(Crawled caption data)
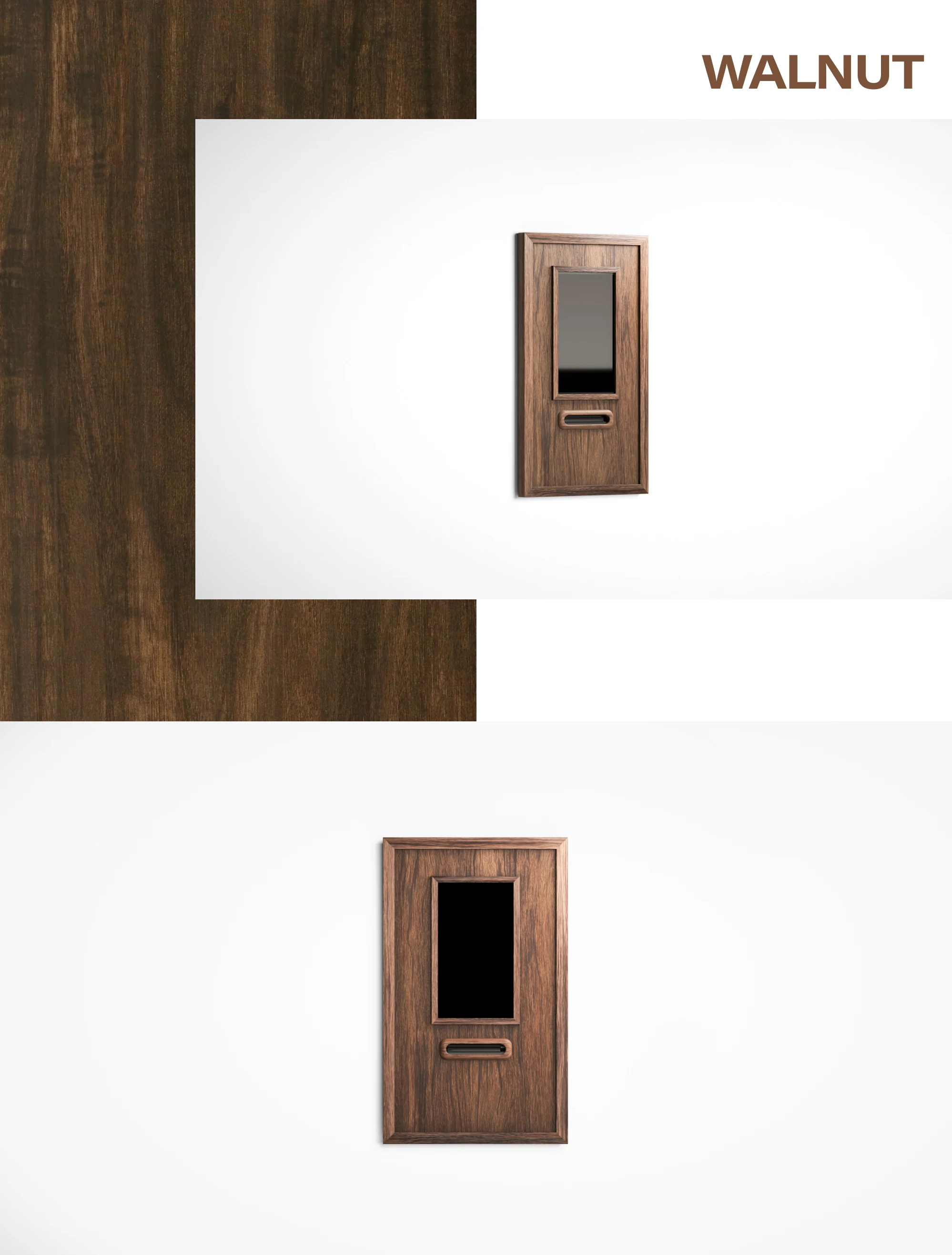 RECEIPT CAMERA® PRO BUILT-IN in Walnut
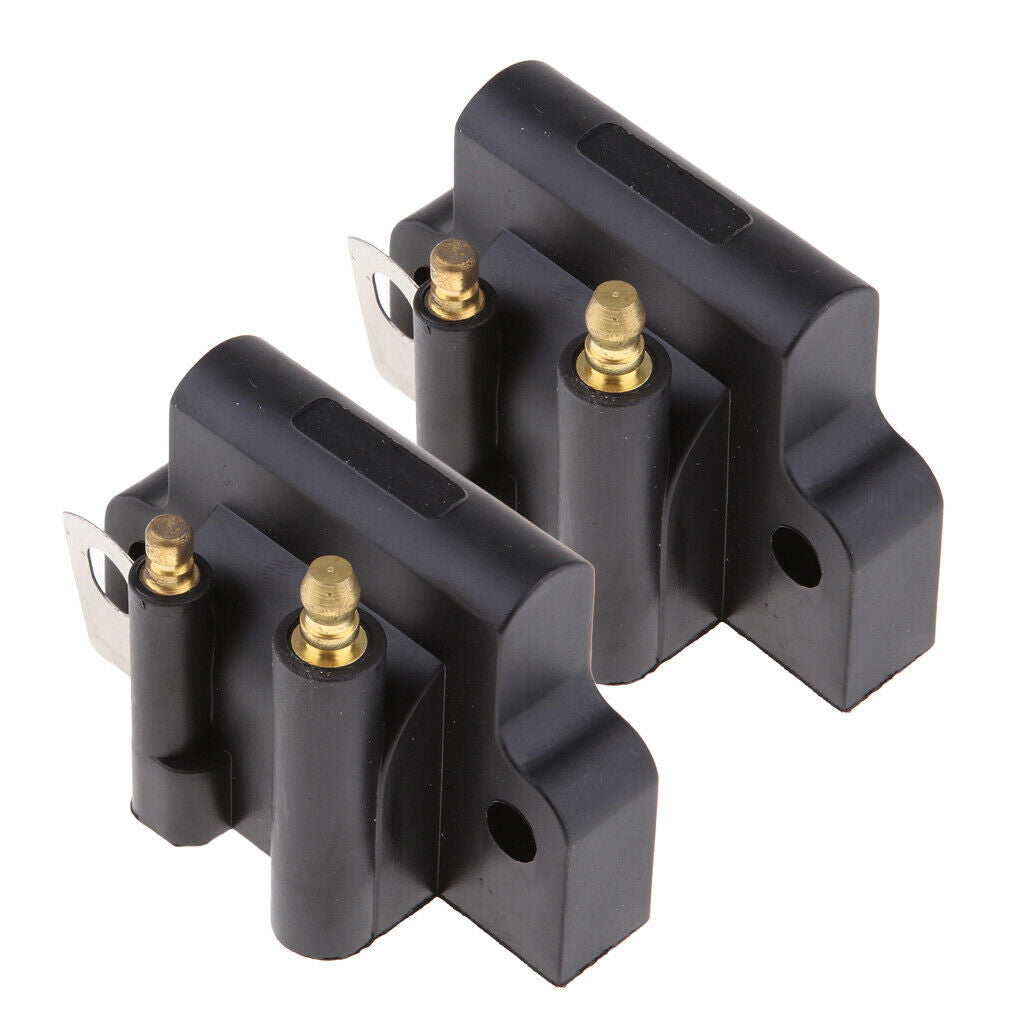 2xIGNITION COIL Fit Johnson Evinrude 582508 18-5179 183-2508 Outboard Engine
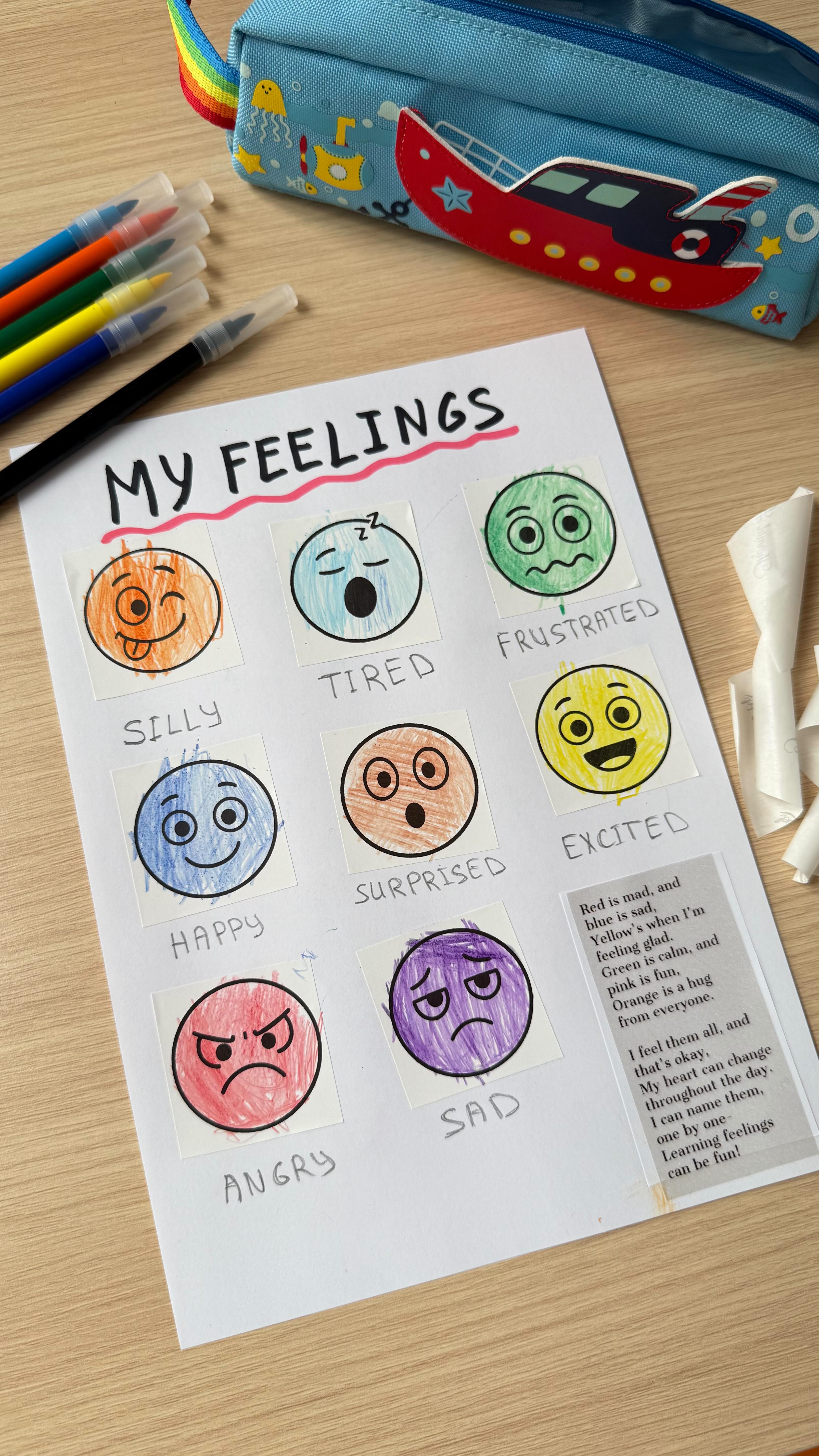 Instagram post by @tinyrobin_kids for Phomemo. Caption reads: Comment PRINTER and I’ll send you the link to this....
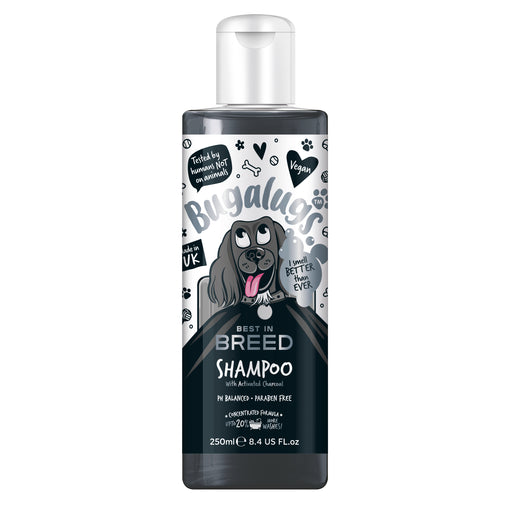 Melhor em Raça Shampoo para Cães a Carvão Ativo - Bugalugs : 250ML - 1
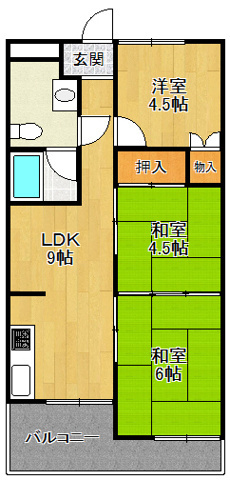 間取り：228056878625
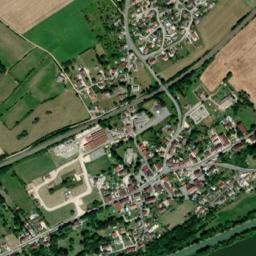 Dampierre map(satellite map)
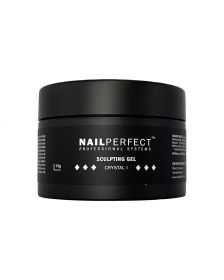 Nail Perfect - LED/UV Sculpting Gel - Crystal 1 - 14 gr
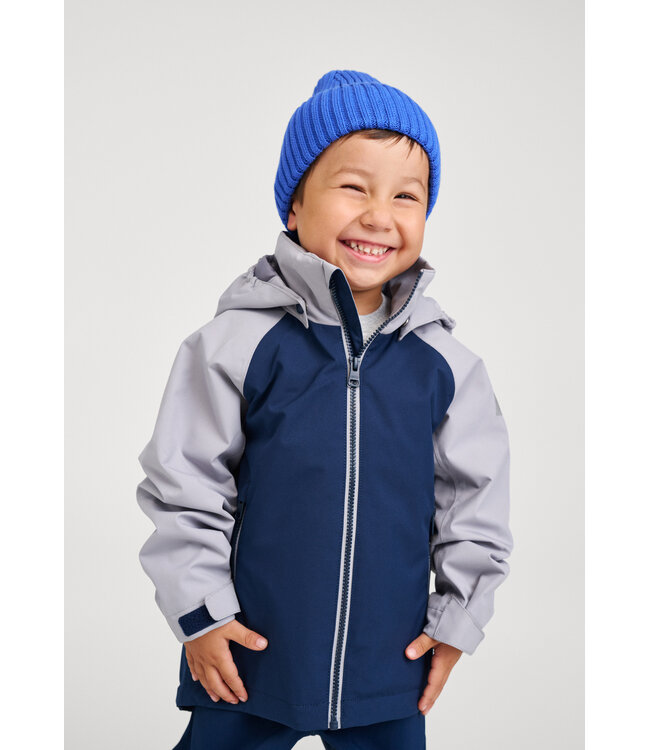 Reima tec Kinder Regenjacke Sulkava Navy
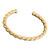 Bracelete Twist - Semijoia Banhada a Ouro 18k - cod. 084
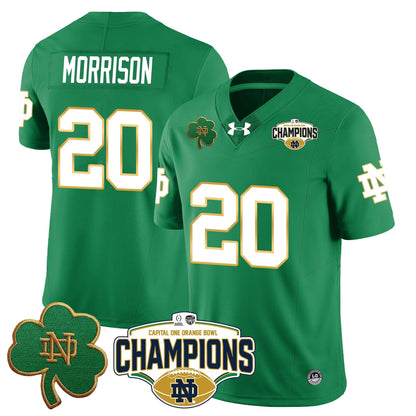 Green - Benjamin Morrison - 20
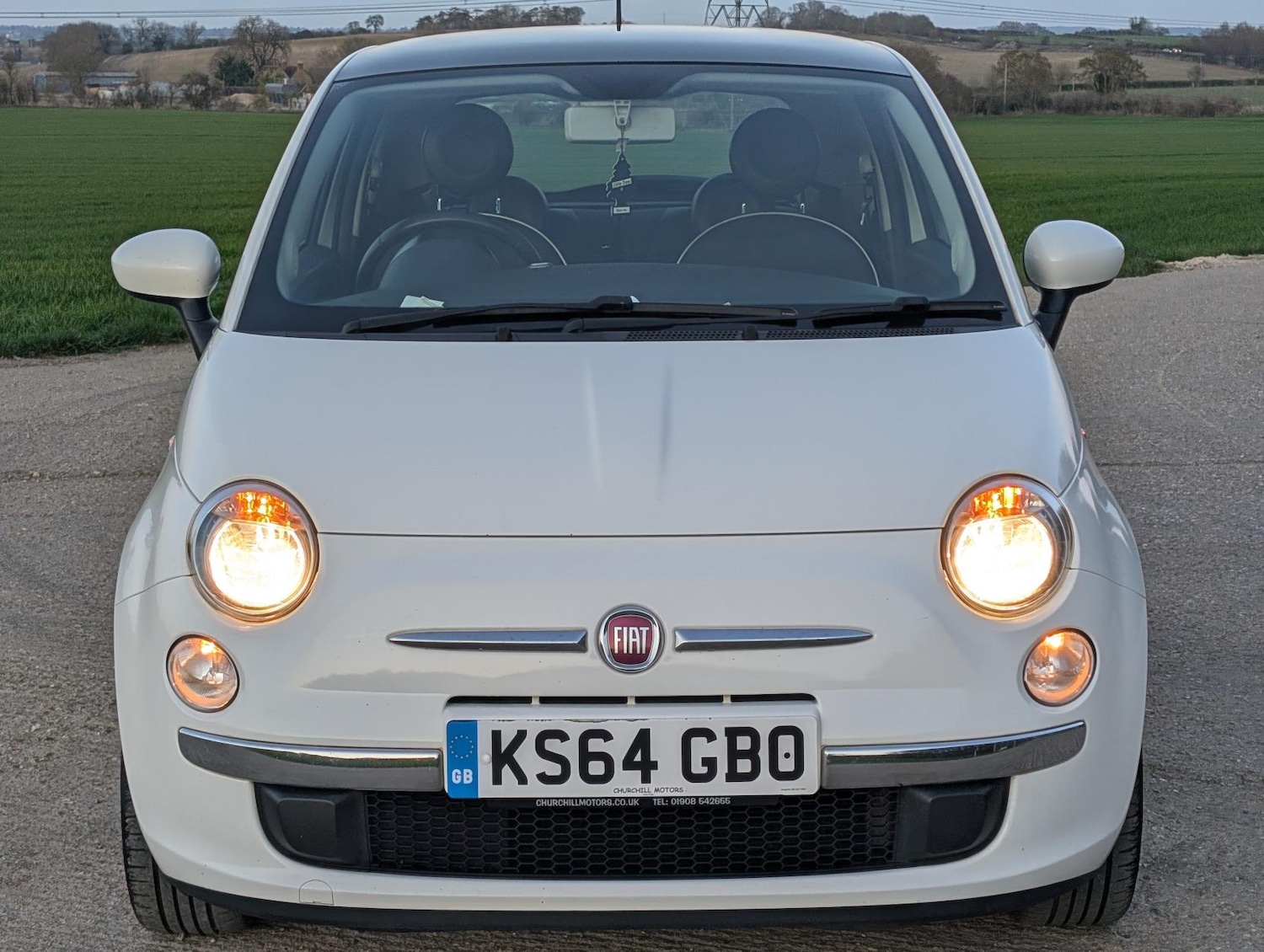 Used Fiat 500 2015 for sale - 77945690: Photo 2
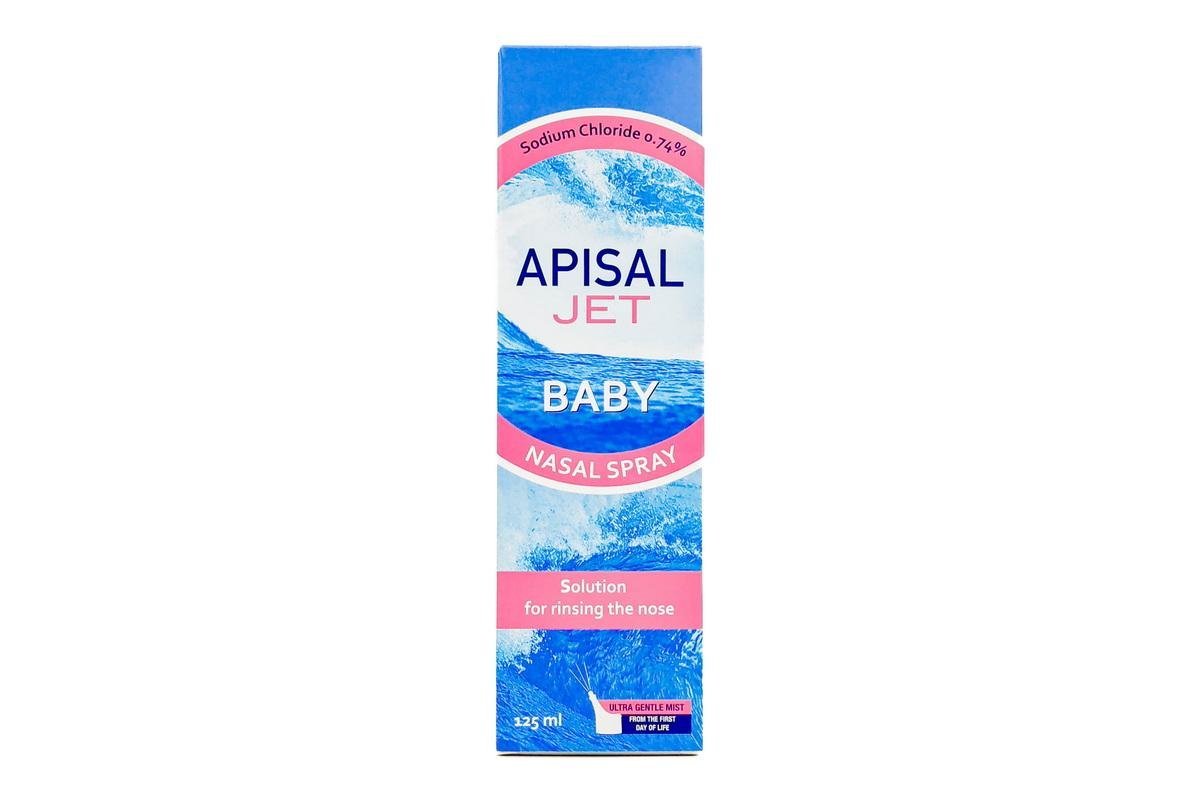 Apisal Jet Baby Nasal Spray 125 ml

_Task directions:_
Repeat every entry above exactly; images stay out of the copy.

_Exercise response:_
 RECEIPT CAMERA® PRO BUILT-IN in Walnut
 2xIGNITION COIL Fit Johnson Evinrude 582508 18-5179 183-2508 Outboard Engine
 Instagram post by @tinyrobin_kids for Phomemo. Caption reads: Comment PRINTER and I’ll send you the link to this....
 Melhor em Raça Shampoo para Cães a Carvão Ativo - Bugalugs : 250ML - 1
 間取り：228056878625
 Dampierre map(satellite map)
 Nail Perfect - LED/UV Sculpting Gel - Crystal 1 - 14 gr
 Reima tec Kinder Regenjacke Sulkava Navy
 Bracelete Twist - Semijoia Banhada a Ouro 18k - cod. 084
 Green - Benjamin Morrison - 20
 Used Fiat 500 2015 for sale - 77945690: Photo 2
 Apisal Jet Baby Nasal Spray 125 ml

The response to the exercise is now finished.